▸ REQUIRED WORK:
Retype the listing exactly as it stands, and keep every image out.

▸ DATA EXCERPT:
== Segment start ==
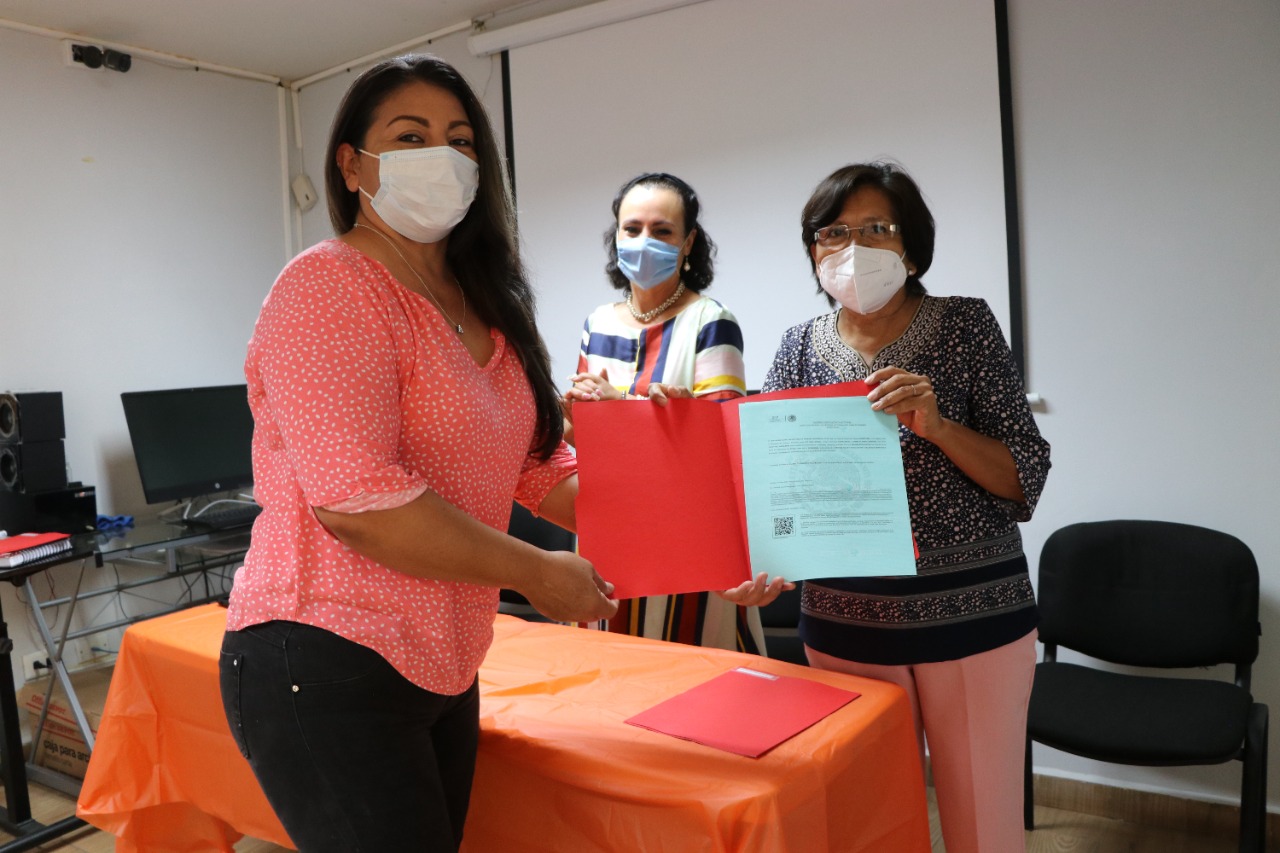 Concluyen cursos mujeres de Fundación Luz y Esperanza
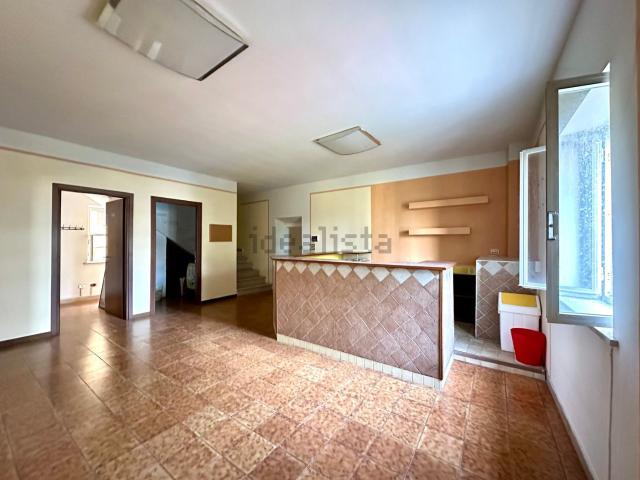Villetta indipendente in vendita di 284 m² in Via Montebello, 8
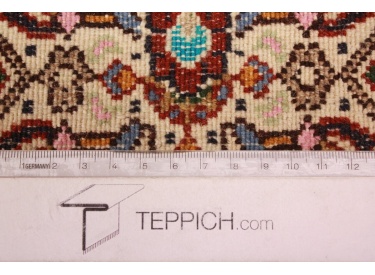Perser Teppich Moud mit Seide 149x96 cm Beige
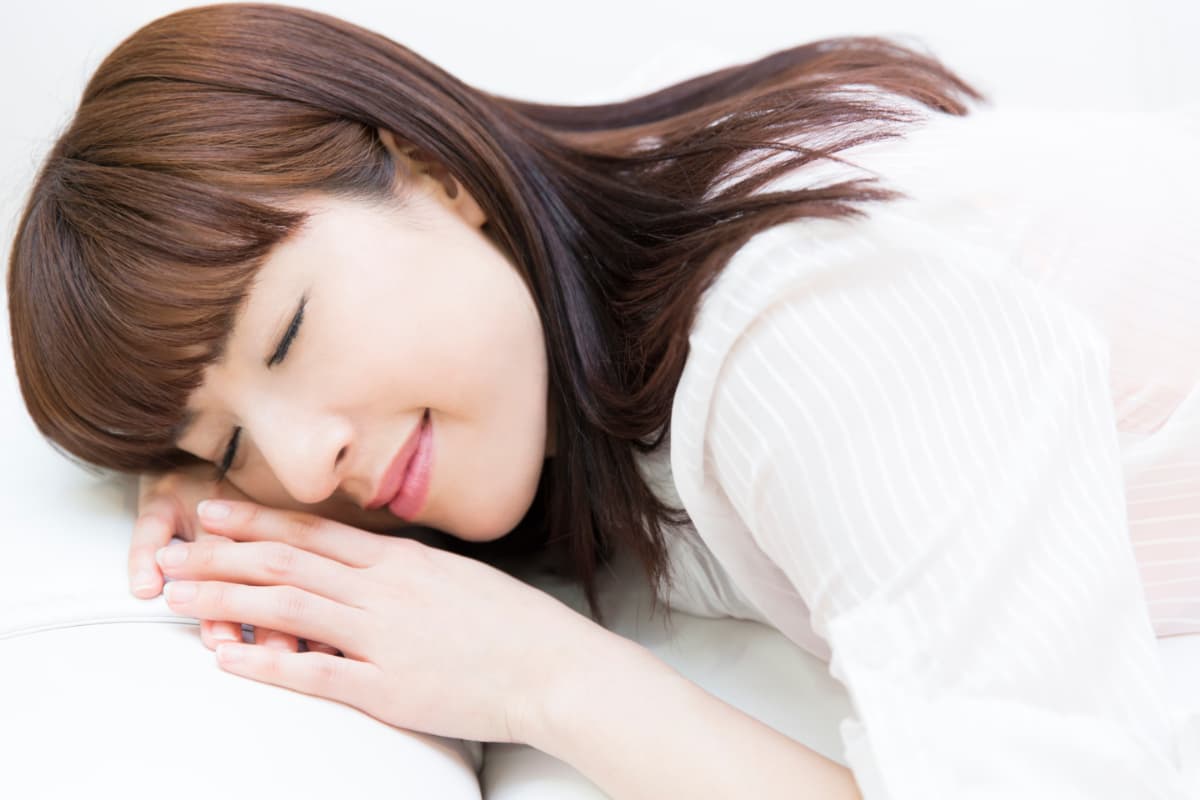 うつ伏せ寝をする女性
== Segment end ==
▸ EXERCISE SOLUTION:
 Concluyen cursos mujeres de Fundación Luz y Esperanza
Villetta indipendente in vendita di 284 m² in Via Montebello, 8
Perser Teppich Moud mit Seide 149x96 cm Beige
 うつ伏せ寝をする女性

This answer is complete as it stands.